Profile: Shahram Amiri
- Published
Iranian nuclear scientist Shahram Amiri has been thrust into the centre of the fraught psychological tensions that dominate relations between Tehran and Washington.
With Tehran keen to exploit every drop of propaganda from the scientist's alleged kidnap by CIA agents, more revelations are inevitable.
But so far, there are two contradictory narratives about the man, both told in his own words.
In a video message broadcast on Iranian state media on 8 June, a man claiming to be Mr Amiri said he was abducted by US and Saudi agents during a pilgrimage in Saudi Arabia in 2009.
"They took me to a house located somewhere that I didn't know. They gave me an anaesthetic injection," the man said in the video.
He said he was living in Tucson, Arizona, and said he had been subjected to eight months of "the most severe tortures and psychological pressures".
He described himself as an "expert and researcher" at Malek Ashtar University, but claimed that the US had wanted him to pretend he had stolen nuclear secrets.

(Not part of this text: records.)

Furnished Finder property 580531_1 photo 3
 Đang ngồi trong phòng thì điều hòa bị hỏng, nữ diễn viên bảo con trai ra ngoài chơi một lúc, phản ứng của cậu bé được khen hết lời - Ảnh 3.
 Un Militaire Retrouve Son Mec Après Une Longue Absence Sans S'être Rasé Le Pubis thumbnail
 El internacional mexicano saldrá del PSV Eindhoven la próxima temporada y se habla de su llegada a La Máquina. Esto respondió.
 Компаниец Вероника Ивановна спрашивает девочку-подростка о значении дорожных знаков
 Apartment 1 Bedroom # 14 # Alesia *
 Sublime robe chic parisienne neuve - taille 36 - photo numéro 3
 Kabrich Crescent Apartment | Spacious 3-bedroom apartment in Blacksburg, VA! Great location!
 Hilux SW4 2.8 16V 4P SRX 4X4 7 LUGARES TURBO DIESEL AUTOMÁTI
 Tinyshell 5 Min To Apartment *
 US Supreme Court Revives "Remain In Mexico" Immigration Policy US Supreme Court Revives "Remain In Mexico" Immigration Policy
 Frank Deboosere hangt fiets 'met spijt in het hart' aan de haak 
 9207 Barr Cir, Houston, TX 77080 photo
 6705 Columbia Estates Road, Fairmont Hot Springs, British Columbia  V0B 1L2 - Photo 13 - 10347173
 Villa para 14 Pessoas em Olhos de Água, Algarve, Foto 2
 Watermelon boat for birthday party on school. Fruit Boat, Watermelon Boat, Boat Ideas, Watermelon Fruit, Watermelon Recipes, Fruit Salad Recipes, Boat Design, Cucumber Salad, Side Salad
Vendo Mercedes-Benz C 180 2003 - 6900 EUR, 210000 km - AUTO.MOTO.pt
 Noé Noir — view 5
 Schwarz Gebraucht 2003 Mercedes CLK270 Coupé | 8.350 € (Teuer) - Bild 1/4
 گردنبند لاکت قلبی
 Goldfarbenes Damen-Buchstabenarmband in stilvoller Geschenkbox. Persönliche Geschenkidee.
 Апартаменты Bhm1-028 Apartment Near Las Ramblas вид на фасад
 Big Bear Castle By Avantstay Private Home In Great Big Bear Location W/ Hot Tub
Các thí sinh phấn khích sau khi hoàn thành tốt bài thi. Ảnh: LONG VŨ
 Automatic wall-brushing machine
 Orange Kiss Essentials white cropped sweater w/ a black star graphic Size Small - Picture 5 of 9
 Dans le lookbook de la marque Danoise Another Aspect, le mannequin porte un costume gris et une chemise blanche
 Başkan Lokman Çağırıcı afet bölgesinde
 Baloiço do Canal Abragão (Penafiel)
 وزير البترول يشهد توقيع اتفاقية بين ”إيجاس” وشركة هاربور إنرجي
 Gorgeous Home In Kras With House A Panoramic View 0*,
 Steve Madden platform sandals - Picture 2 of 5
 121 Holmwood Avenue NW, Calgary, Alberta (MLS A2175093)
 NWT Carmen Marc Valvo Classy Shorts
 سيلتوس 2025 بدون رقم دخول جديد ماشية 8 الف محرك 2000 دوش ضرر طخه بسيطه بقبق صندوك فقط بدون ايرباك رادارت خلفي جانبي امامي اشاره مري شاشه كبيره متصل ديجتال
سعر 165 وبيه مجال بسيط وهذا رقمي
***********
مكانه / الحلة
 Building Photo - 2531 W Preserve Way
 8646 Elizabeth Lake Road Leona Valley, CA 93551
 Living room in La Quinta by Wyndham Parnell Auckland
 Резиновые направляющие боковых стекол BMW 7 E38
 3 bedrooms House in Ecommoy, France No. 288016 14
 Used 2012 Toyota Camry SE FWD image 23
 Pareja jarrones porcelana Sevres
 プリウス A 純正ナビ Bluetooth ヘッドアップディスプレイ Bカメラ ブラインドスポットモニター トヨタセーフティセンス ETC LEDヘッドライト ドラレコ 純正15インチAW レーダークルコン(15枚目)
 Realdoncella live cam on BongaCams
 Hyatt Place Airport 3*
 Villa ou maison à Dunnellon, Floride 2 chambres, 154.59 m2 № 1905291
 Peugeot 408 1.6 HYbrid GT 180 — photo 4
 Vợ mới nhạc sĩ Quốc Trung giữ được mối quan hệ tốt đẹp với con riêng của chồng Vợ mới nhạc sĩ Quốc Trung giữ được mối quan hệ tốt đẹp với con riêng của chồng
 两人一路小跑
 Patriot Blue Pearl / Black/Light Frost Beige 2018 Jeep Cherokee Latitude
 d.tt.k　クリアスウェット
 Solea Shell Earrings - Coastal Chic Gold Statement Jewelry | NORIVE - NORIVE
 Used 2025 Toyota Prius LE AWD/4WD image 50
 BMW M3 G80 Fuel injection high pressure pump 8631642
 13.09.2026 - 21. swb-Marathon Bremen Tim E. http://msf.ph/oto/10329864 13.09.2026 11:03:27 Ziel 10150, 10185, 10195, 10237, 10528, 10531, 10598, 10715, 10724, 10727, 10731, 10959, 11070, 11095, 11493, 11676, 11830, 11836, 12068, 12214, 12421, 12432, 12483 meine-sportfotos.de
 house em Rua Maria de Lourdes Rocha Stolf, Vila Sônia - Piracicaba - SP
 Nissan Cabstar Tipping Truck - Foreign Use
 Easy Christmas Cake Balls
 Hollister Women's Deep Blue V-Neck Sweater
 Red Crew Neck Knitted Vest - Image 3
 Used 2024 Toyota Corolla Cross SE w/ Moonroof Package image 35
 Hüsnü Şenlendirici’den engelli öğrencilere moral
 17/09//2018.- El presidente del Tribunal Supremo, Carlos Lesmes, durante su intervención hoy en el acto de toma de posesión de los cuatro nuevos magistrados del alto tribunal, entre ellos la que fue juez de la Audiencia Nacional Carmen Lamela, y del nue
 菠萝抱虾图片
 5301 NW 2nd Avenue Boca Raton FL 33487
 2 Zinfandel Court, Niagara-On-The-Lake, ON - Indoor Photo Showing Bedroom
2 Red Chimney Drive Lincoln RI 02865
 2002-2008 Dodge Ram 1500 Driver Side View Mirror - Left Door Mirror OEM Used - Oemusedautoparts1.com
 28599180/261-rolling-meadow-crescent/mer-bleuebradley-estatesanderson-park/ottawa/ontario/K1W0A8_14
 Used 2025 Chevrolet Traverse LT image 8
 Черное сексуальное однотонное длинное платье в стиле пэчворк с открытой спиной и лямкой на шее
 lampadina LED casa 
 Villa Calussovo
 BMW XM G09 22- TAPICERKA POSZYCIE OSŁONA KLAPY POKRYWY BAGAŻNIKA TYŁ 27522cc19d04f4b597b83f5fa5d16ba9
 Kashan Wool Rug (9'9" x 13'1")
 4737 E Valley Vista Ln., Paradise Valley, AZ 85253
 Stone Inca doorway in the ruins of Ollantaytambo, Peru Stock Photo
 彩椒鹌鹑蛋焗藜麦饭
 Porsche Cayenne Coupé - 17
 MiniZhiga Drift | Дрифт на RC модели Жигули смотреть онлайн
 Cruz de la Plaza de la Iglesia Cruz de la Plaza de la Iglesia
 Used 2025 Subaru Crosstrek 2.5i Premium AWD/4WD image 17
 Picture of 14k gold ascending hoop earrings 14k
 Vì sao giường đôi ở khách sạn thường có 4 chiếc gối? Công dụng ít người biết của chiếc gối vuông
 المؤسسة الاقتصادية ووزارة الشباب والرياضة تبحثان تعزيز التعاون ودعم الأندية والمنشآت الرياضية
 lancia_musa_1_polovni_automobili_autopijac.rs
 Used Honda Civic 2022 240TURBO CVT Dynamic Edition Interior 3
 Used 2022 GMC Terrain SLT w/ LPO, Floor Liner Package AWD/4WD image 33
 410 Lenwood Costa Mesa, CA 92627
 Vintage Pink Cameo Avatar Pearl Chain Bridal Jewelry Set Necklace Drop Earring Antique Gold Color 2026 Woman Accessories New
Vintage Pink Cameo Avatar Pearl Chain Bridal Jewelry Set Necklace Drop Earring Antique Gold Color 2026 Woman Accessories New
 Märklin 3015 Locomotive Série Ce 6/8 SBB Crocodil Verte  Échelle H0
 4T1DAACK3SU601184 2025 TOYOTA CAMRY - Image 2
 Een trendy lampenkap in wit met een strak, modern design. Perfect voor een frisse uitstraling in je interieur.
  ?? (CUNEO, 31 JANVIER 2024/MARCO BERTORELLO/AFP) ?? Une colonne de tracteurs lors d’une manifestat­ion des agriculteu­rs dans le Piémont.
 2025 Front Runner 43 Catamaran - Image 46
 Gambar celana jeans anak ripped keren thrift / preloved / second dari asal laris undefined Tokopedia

This is the version Iranian officials have pushed, and Tehran claims to have passed on to the US evidence that he was abducted.
This is also the version Mr Amiri has now repeated in interviews with Iranian state media.
But another video message appeared on YouTube on the same day as the first, recorded apparently by the same man, entirely contradicting that version of events.
In the second video, he said he was in the US to continue his education, adding: "I am free here and I assure everyone that I am safe."
He said he was "not involved in weapons research and have no experience and knowledge in this field".
Malek Ashtar University has long been alleged to have a role in a nuclear weapons programme and on 9 June, the day after Mr Amiri's initial videos emerged, the university was put under UN sanctions.
'Mystery to many'
Other reports have muddied the waters still further, variously claiming that Mr Amiri had defected to the West and helped the CIA, or that he had actually been employed by Iran's Atomic Energy Organisation.
Reports from the US quote unnamed officials and security sources as saying Mr Amiri was a low-ranking technician who had defected and provided the US with useful corroborative evidence of Iran's nuclear programme.
According to these sources, Mr Amiri was put into a witness-protection programme, but became concerned for his family in Iran and, after suffering a breakdown, decided to return to his home country.
Mr Amiri showed up at the Iranian section of the Pakistan embassy in Washington on 13 June and demanded to be returned to Iran.
The Pakistani foreign ministry confirmed to the BBC that he had taken refuge at their embassy - the first time non-Iranian officials had confirmed any details about Mr Amiri.
Later, the US also acknowledged his presence - Secretary of State Hillary Clinton saying he was in the country "of his own free will" and was free to leave.
After months of flat denials from the state department that they had any information about Mr Amiri, department spokesman Philip Crowley revealed that he had been in the country "for some time", and the government had "maintained contact with him".
On 14 July, Iranian officials said he had finally left the US and was on his way back to Iran.
Mr Amiri has promised to clarify all of the allegations made about him when he returns.
"When I am hopefully in my dear country Iran, I can speak to the media and my own people with ease of mind, and tell them about my ordeal over the past 14 months, incidents that have been a mystery to many," state media quoted him as saying.